→ What the task requires: Retype the lines from the one containing "5165 East Lilia Avenue Pahrump NV 89061" through the last line of the entries below, exactly and in full, omitting every image.

→ Given data:
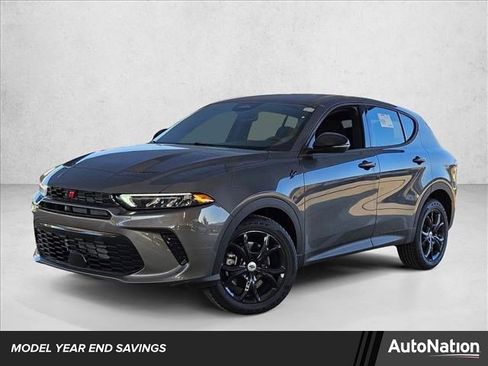 New 2025 Dodge Hornet GT w/ GT Blacktop Package image 1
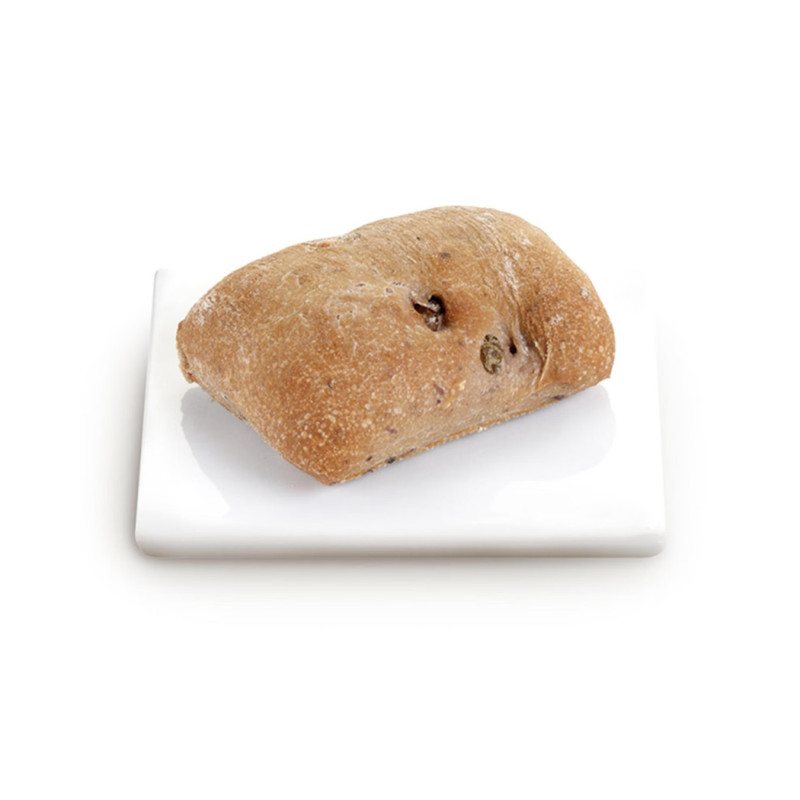 Olive Tapas Bread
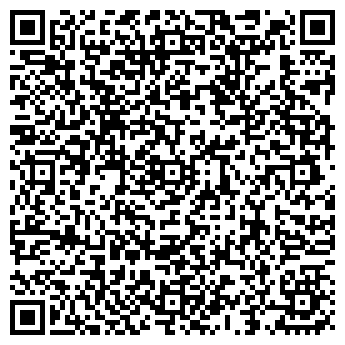 QR-код с контактной информацией организации Парфюм Джоли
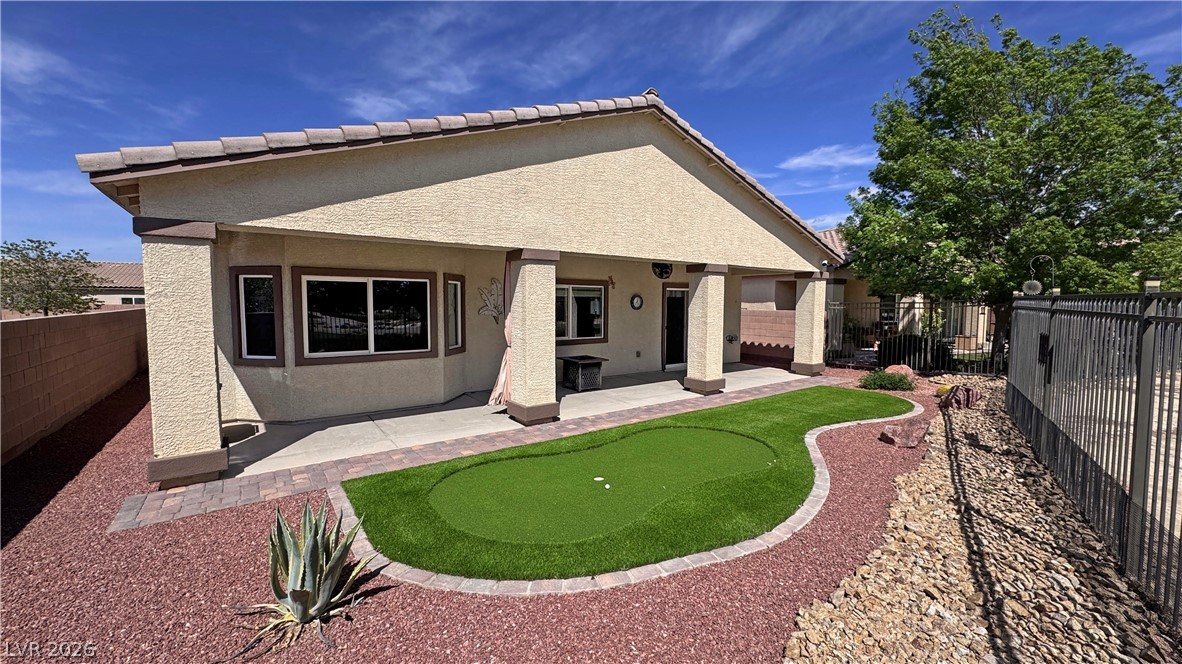 5165 East Lilia Avenue Pahrump NV 89061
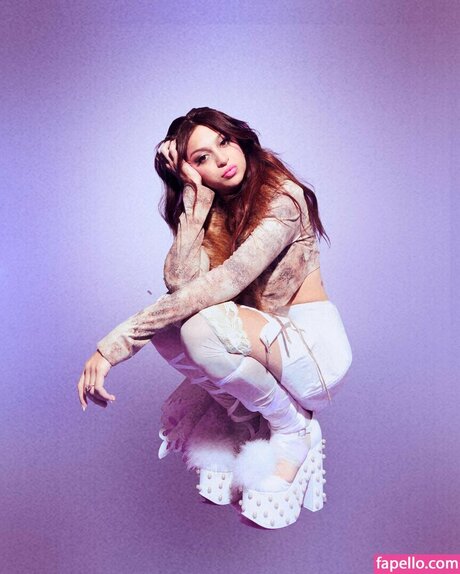 Josie Totah Profile image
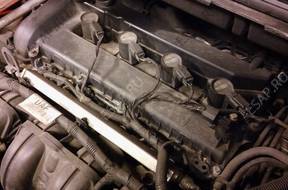 двигатель FORD C-MAX 1.8 16V в отличном состоянии W SAMOCHODZIE
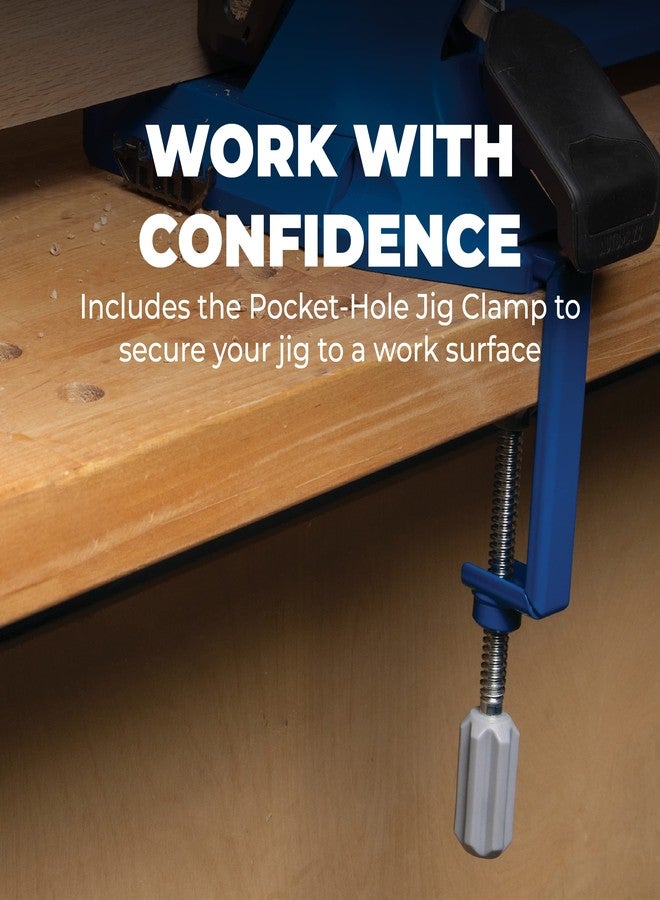 Kreg KPHA750 Docking Station - Image 5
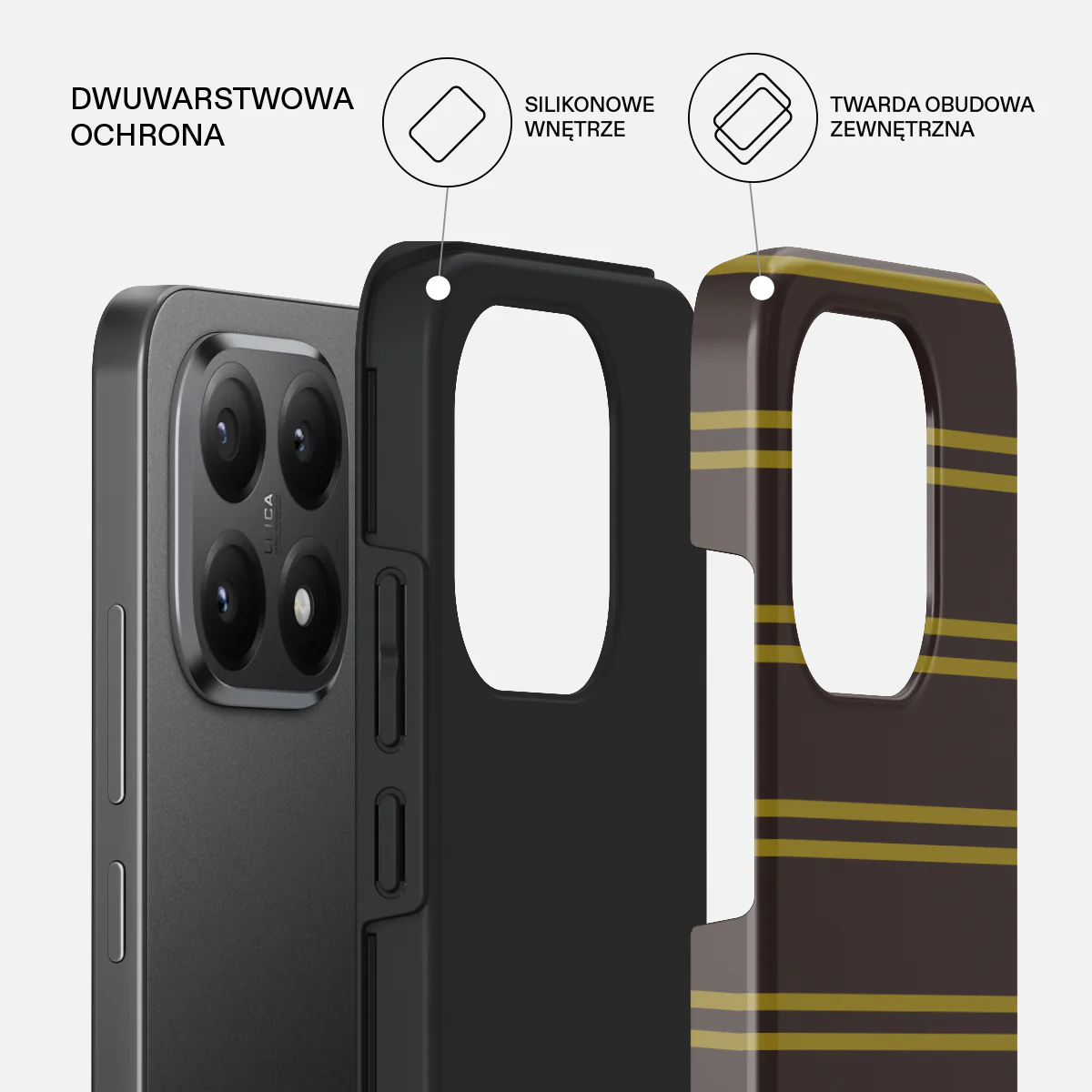 Freshman - Xiaomi 15T Etui - Image 2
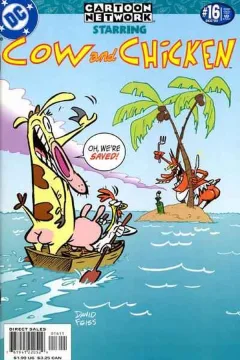 Issue #16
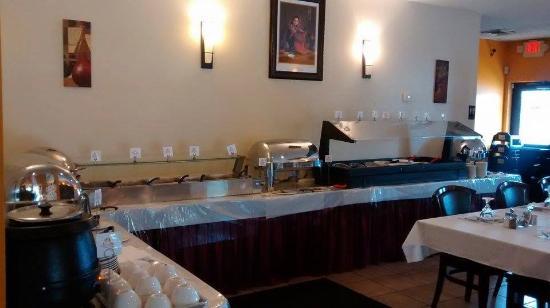 Guru Authentic Indian Cuisine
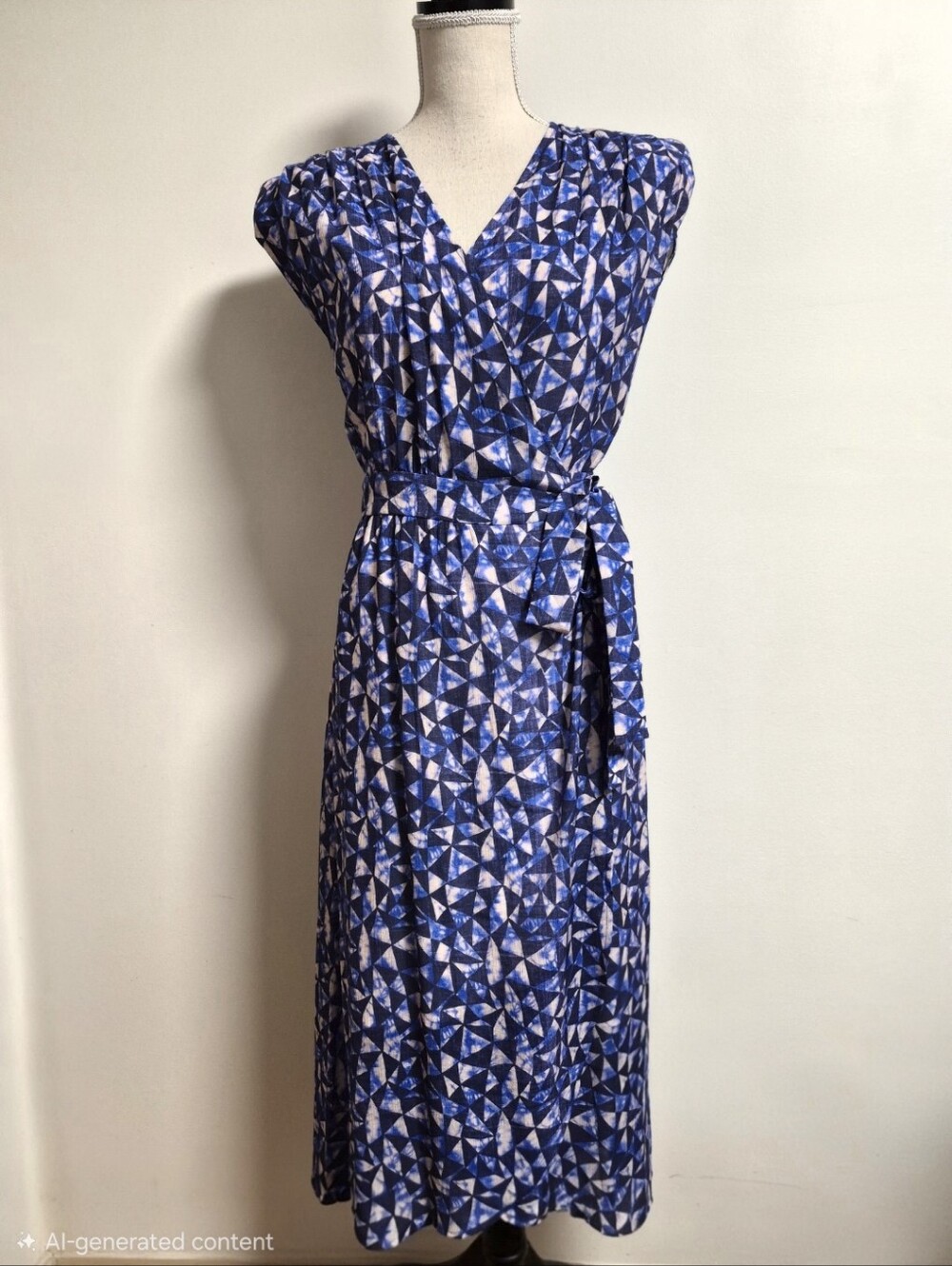 Suncoo dress - Picture 2 of 8
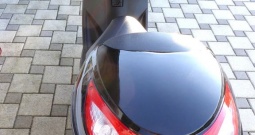 Prodajem skuter Peugeot Kisbee 50 ccm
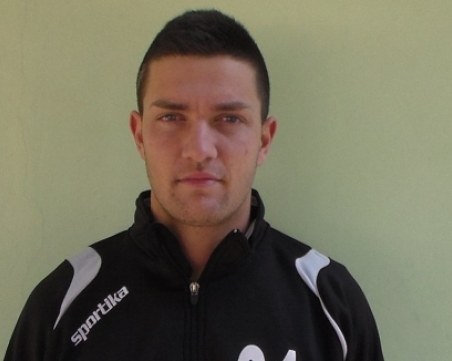 Атлетик Куклен привлече още един нов футболист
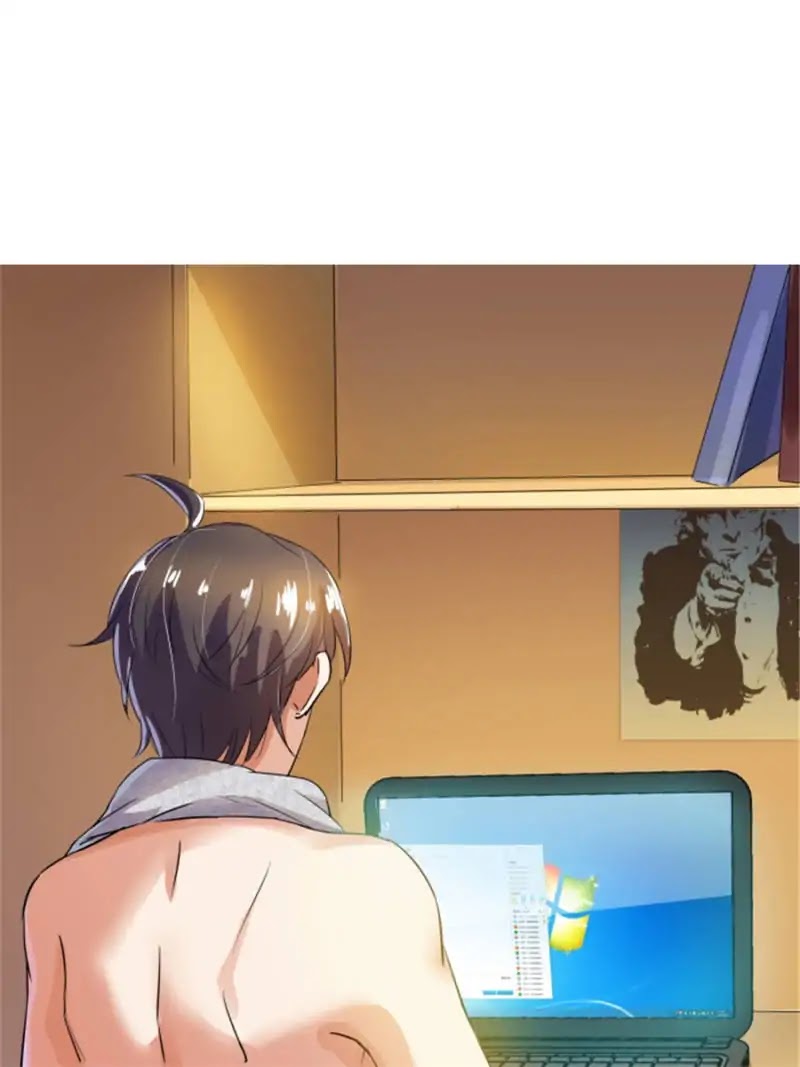 Cultivation Chat Group Chapter 18 page 8 - Chapter 18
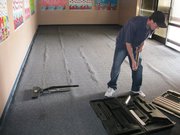 Looking for Emergency Carpet Water Removal Service Rockville MD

→ Answer section:
 5165 East Lilia Avenue Pahrump NV 89061
 Josie Totah Profile image
 двигатель FORD C-MAX 1.8 16V в отличном состоянии W SAMOCHODZIE
 Kreg KPHA750 Docking Station - Image 5
 Freshman - Xiaomi 15T Etui - Image 2
 Issue #16
 Guru Authentic Indian Cuisine
 Suncoo dress - Picture 2 of 8
 Prodajem skuter Peugeot Kisbee 50 ccm
 Атлетик Куклен привлече още един нов футболист
 Cultivation Chat Group Chapter 18 page 8 - Chapter 18
 Looking for Emergency Carpet Water Removal Service Rockville MD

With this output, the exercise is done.